Look through the entries below and copy exactly the part that begins with the line containing "My name is Liz" and ends with the line containing "Remember that these". Do not copy the pictures.

*** Exercise inputs Section Begins ***

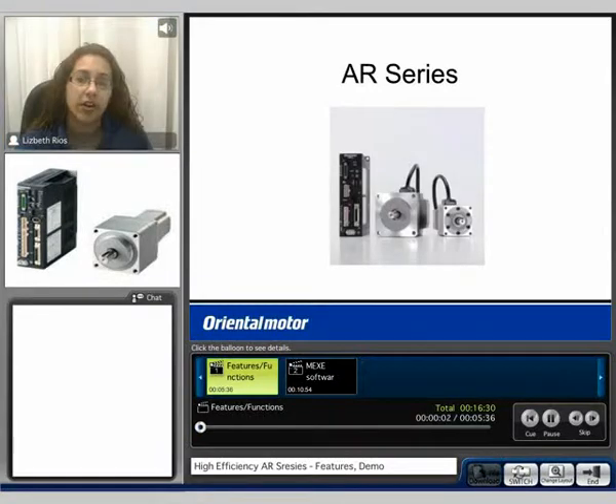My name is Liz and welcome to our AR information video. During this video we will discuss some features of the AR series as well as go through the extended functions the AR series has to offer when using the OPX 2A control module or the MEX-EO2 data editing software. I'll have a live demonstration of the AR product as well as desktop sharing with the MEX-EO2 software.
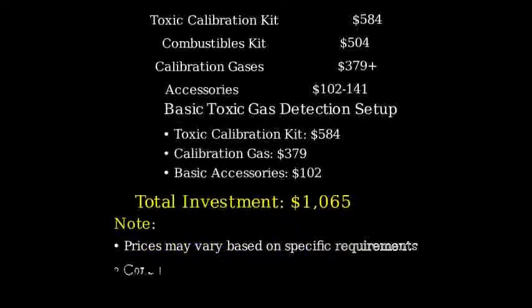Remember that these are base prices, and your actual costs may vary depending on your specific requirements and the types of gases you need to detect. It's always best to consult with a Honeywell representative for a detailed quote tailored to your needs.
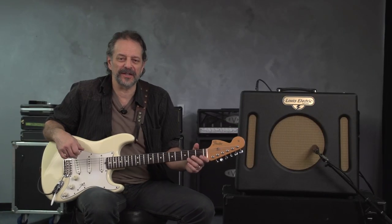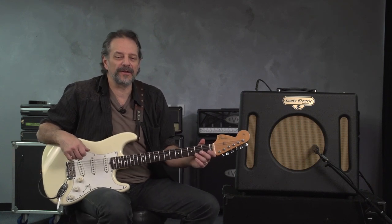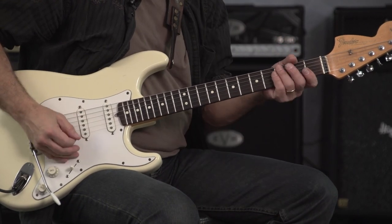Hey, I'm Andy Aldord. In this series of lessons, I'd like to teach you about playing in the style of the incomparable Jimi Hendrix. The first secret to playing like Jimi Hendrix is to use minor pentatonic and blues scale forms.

*** Exercise inputs Section Ends ***
*** Exercise inputs Section Begins ***

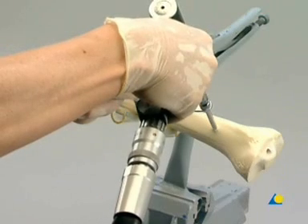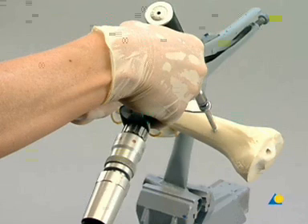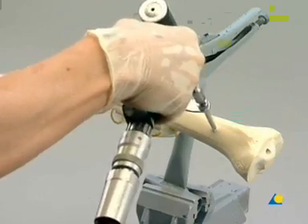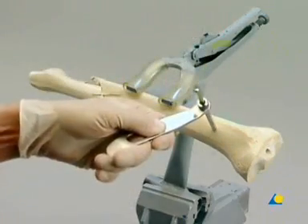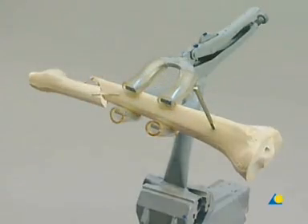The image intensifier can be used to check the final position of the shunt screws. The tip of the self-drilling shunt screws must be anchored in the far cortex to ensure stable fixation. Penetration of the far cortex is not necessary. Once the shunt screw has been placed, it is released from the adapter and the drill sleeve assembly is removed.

*** Exercise inputs Section Ends ***

_Response box_.
My name is Liz and welcome to our AR information video. During this video we will discuss some features of the AR series as well as go through the extended functions the AR series has to offer when using the OPX 2A control module or the MEX-EO2 data editing software. I'll have a live demonstration of the AR product as well as desktop sharing with the MEX-EO2 software.
Remember that these are base prices, and your actual costs may vary depending on your specific requirements and the types of gases you need to detect. It's always best to consult with a Honeywell representative for a detailed quote tailored to your needs.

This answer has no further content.